La pluie, dense, régulière, occupe l’espace en entier, la mer très sombre, le ciel très bas, la terre qui s’érode et ravine. Elle semble délaver un cliché en gris et blanc, lui ôter tout contraste, le figer. N’est-ce pas toi qui m’as dit un jour que l’immobilité c’est la mort?

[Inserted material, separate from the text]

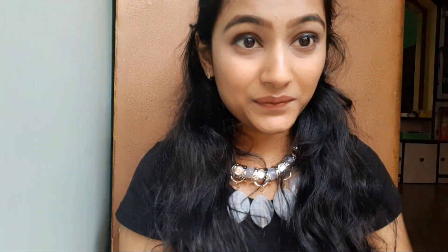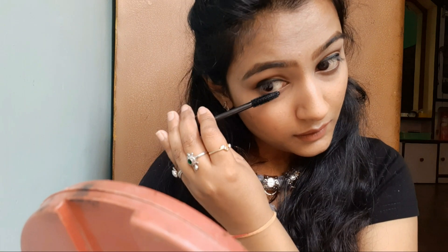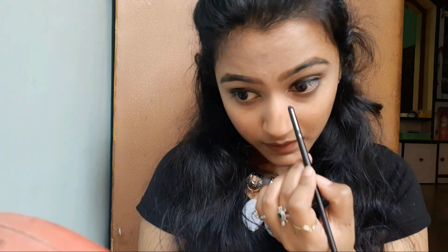Sorry guys, I missed the eyeliner clip. Here I am applying MAC mascara on my lower lashes and upper lashes. Here I am taking this sparkle pink shade to highlight my inner corner and my brow line.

Où es-tu? Je veux dire toi dans ta robe à volants, quand tu venais frapper à l’improviste au carreau embué, et qu’assise sur le lit tu lisais Olivier Rameau? Où est la Rose de la photographie sur laquelle je viens de tomber, dix ans plus tôt, peu avant Noël, quand tu poses ta main sur mon épaule? Est-ce que c’est elle que j’aimais? Est-ce qu’on nous l’a enlevée? Est-ce que j’aurais pu te défendre mieux, t’éviter des douleurs, quitte à nous risquer, quitte à y perdre mon humanité, te dire plus, te dire moins, te montrer d’autres chemins, trouver d’autres mots, qui auraient changé les choses? Ne jamais venir, repartir, ne pas te troubler? Est-ce qu’avant-hier encore j’aurais dû te parler de mes envies, pas de mes peurs? Te demander pardon? Est-ce qu’elle s’est dissoute, dans le temps et sous les averses, cette Rose sur l’image?

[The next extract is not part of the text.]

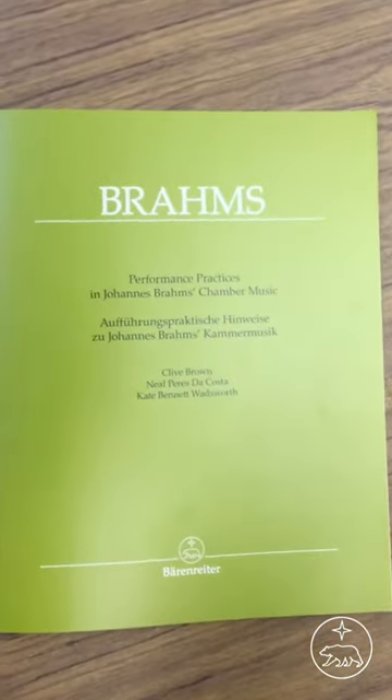Hi, I'm Immanuel Signer and I'm the editor for orchestral and chamber music at Bärenreiter. Today I'd like to talk about one of my favourite editions, this booklet on performing practices in Brahms chamber music.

Quand tu me tiens à distance, que tu refuses de dire demain, que tu ajoutes des jours aux jours, j’ai envie d’y croire, ça serait facile. Moi qui ai tant de peine à. Laisser infuser le temps.
Pourtant, même si je croyais en être sûr, l’instant suivant le démentirait. Parce qu’il suffit, que ton regard cherche mes pupilles, que tu tiennes ta main dans la mienne, que nos fronts se rejoignent. Pour que je sache, que je sois certain, instantanément, que c’est toi, que tu es là, que tu n’as jamais cessé de l’être. Et pour que je le sache encore sous la pluie de ce samedi soir.
Oh et puis, tu sais, puisque tu es là et que tu lis ces lignes, la maison, les enfants, le chien, le crissement des pneus sur le gravier de l’allée, je n’y ai jamais cru, j’ai juste su, qu’un jour tu serais là.